DATA TO PROCESS >>

*** Begin section ***

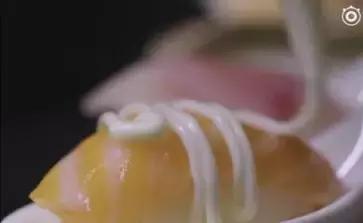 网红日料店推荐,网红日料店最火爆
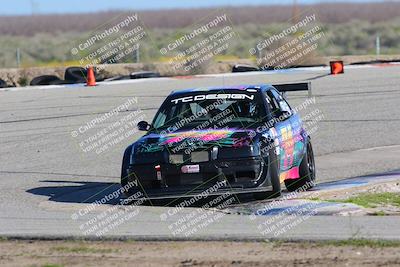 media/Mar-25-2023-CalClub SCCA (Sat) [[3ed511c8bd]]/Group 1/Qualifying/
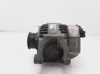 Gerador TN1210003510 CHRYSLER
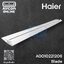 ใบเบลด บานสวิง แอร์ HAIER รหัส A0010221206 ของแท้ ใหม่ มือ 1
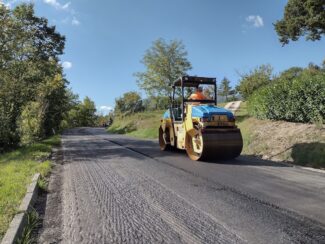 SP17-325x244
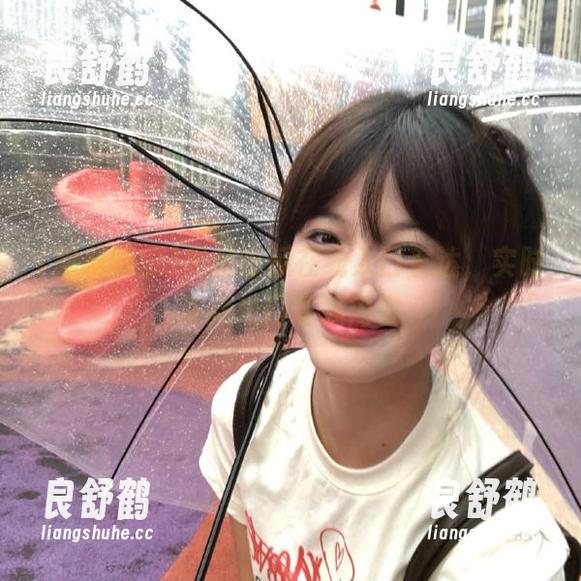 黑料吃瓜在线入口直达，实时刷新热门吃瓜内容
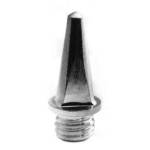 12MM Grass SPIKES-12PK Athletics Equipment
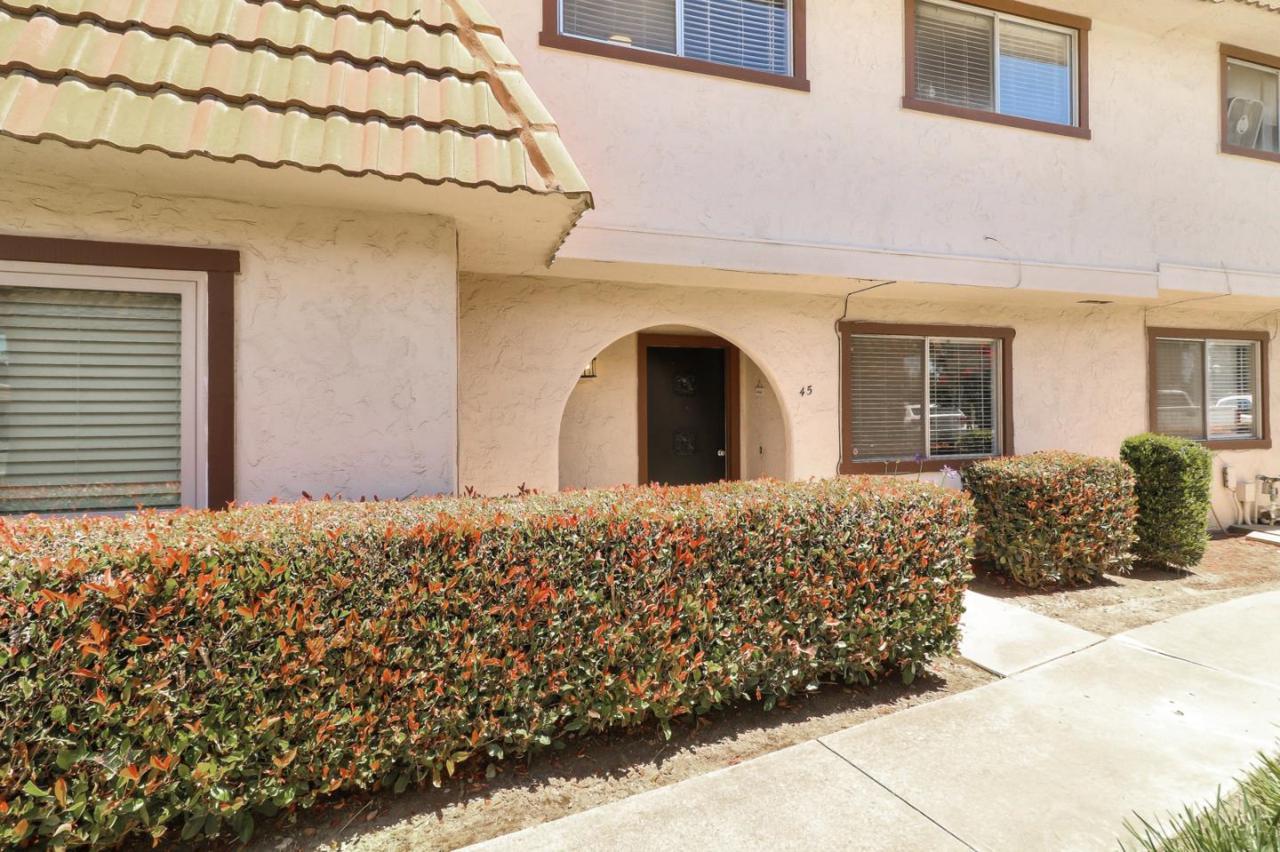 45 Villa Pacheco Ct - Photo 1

*** End section ***
*** Begin section ***

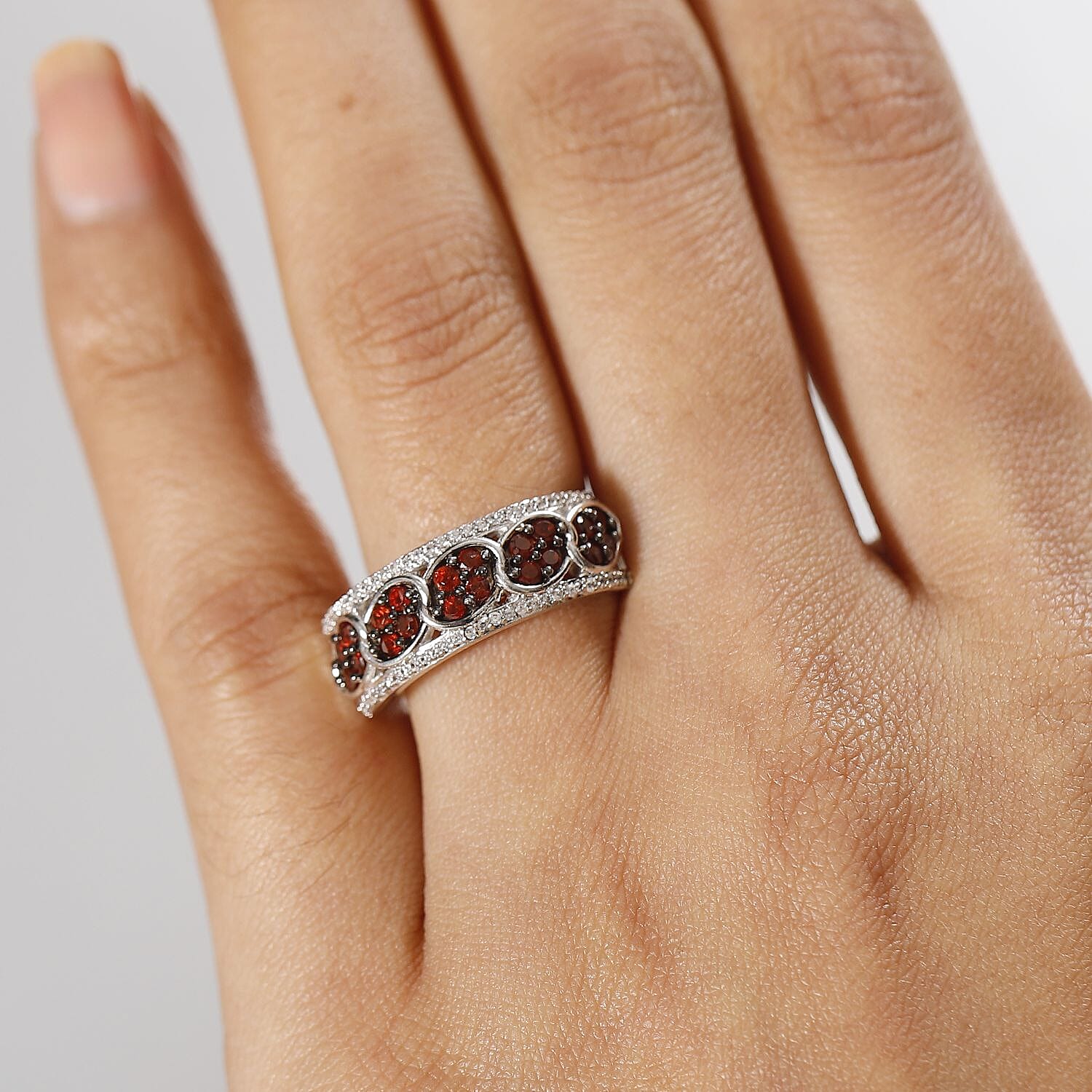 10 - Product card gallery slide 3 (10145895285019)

*** End section ***

TASK DIRECTIONS >>
Transcribe only the lines above that start at the line containing "SP17-325x244" and end at the line containing "45 Villa Pacheco Ct - Photo 1". Omit pictures.

ANSWER TO THIS TASK >>
 SP17-325x244
 黑料吃瓜在线入口直达，实时刷新热门吃瓜内容
 12MM Grass SPIKES-12PK Athletics Equipment
 45 Villa Pacheco Ct - Photo 1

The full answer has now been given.